Mark Sanchez, Featured WriterThe Smackdown

I can’t criticize anyone who’s not struck by the party mood as 2009 lurches to a merciful end. Recession, foreclosures, unemployment. Really, what’s to celebrate, so let’s see how a pair of seasonal movies rise above the gloom. The characters that populate “When Harry Met Sally…” and “Bridget Jones’s Diary” survive the holiday gauntlet with their dignity intact. Both films beat back loneliness and offer inspiration. These days we’re all looking for that recipe. That’s what this Smackdown is all about: Whose New Year’s Eve party do you want to attend?

Director Rob Reiner struck gold “When Harry Met Sally…” opened in 1989. The package had everything: a smart, Oscar nominated script from Nora Ephron, and several memorable scenes replayed and parodied over the years. The performances still hold up. Surrounding this is great music from both Gershwins, Rodgers and Hart, Rodgers and Hammerstein, Irving Berlin, Benny Goodman and Duke Ellington.

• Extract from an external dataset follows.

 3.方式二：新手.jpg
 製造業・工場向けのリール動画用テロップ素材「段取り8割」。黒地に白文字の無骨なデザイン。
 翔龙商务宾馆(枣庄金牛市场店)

“Bridget Jones’s Diary” quickly found a worldwide audience in Sharon Maguire’s 2001 feature film directorial debut. Helen Fielding, Andrew Davies and Richard Curtis adapted Fielding’s popular novel about a London woman concerned about love, her career prospects and her weight. Renee Zellweger hows an easy comic touch with a British accent.

Both movies offer much to celebrate; one more than the other.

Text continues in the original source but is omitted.